URL: HelloWorld.PrintWorld

* IL_0 : ldstr "new World"

   IL_5 : call System.Console.WriteLine

   IL_A : ret

 

11) We can also run a callstack and see the pdb has been updated and that our new function is indeed pointing at the new source:

      [p#:0, t#:0] MDbg> w

Thread [#:0]

*0. HelloWorld.PrintWorld (HelloWorld_v1.il:7)

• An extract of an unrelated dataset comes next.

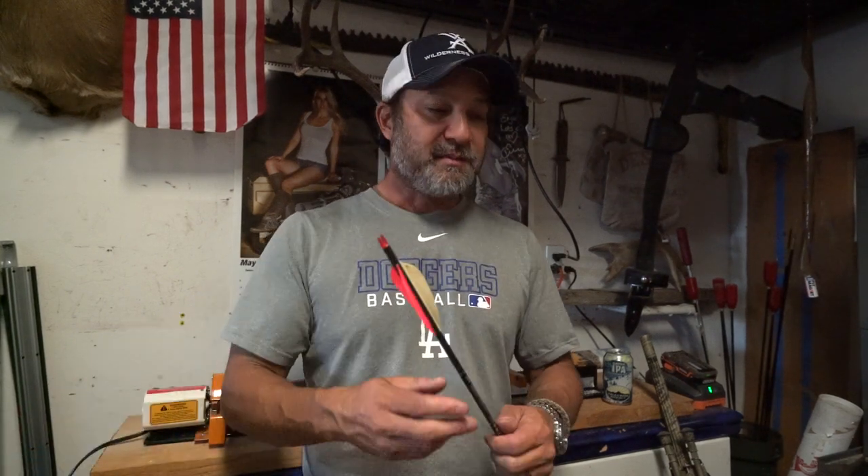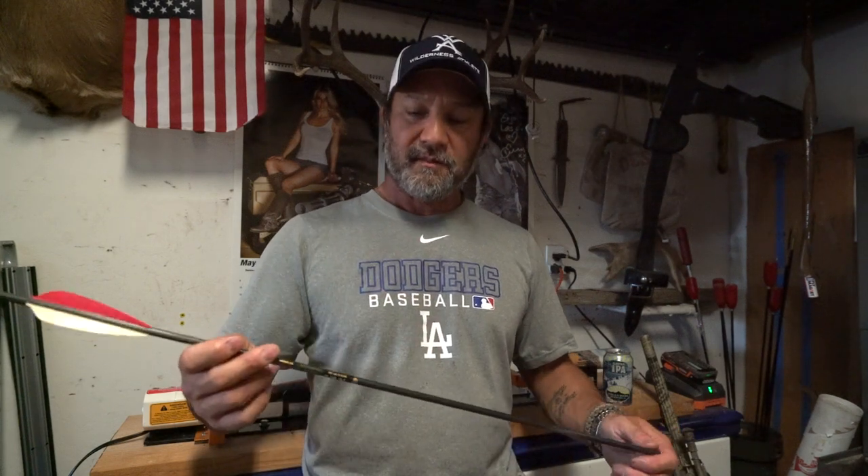If I'm completely sold on a specific broadhead that planes like hell and wants to steer the arrow everywhere regardless of what I want, this vane is going to tame that. In my experience, it's the only vane that tamed a three-blade VPA Solid, which has a ton of surface area. The Flex Fletch FFP 360 is an outstanding plastic vane — it will correct just about everything. I'm still in the three-fletch mode. I hunted with these my first season here in Arizona — this is the arrow I shot.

 1. HelloWorld.Main (HelloWorld.il:45)

 

12) The last bit of proof is to run the current function and verify that it does indeed execute the new code:

[p#:0, t#:0] MDbg> out

new World

45: IL_000f: ret

 

That’s edit-and-continue with IL and MDbg

 

The Next Step:

The above example is mostly a proof-of-concept thing to illustrate EnC at the raw ICorDebug level. I can’t imagine any end-user using MDbg + Enc like this for anything beyond academic interest.  There are several additional things a debugger and IDE would need to do to make the EnC experience more useful to end users.  This work could be factored to between a debugging engine (which talks to ICorDebug) and a “language service” component, which would then let the debugging portion be reusable across languages. This is how VS is architectured, which is what allowed VS’s C# to add EnC support after VS already had VB enc support.

 

Things the language service would have to do may include:

  • have the compilers be able to compile delta IL files on the fly, instead of having ilasm’s restriction of requiring them all up front. Unfortunately for 3rd parties, both VBC and Csc compilers don’t publicly expose their EnC functionality.
  • automatically generates the delta IL files based off source-changes in the high level language.
  • automatically track IL mappings (remap tables) between different versions of functions.  This is important to provide the new IL offset for the remap command in step 8.
  • handle all the “goofy” source-level cases. For eg, what if somebody puts an foreach loop around the current IP?

 

Things the debugging engine would have to do may include:

  • handle the remaps automatically. This means applying the remap table provided by the language service to do steps 6,7,8 and 9 automatically under the covers for the end-user. The debugger can queue up all the source changes, and then make a single batch call to ApplyEdit once the user resumes after making the source changes.
  • build a source-level experience on top of this raw-IL experience. This includes:
    • mapping breakpoints from stale functions to new functions.
    • remapping steppers so that a source-level step-operation completes across remap events.
    • handling stale-code cases (eg, what if you hit a breakpoint in stale code before you hit a remap opportunity?)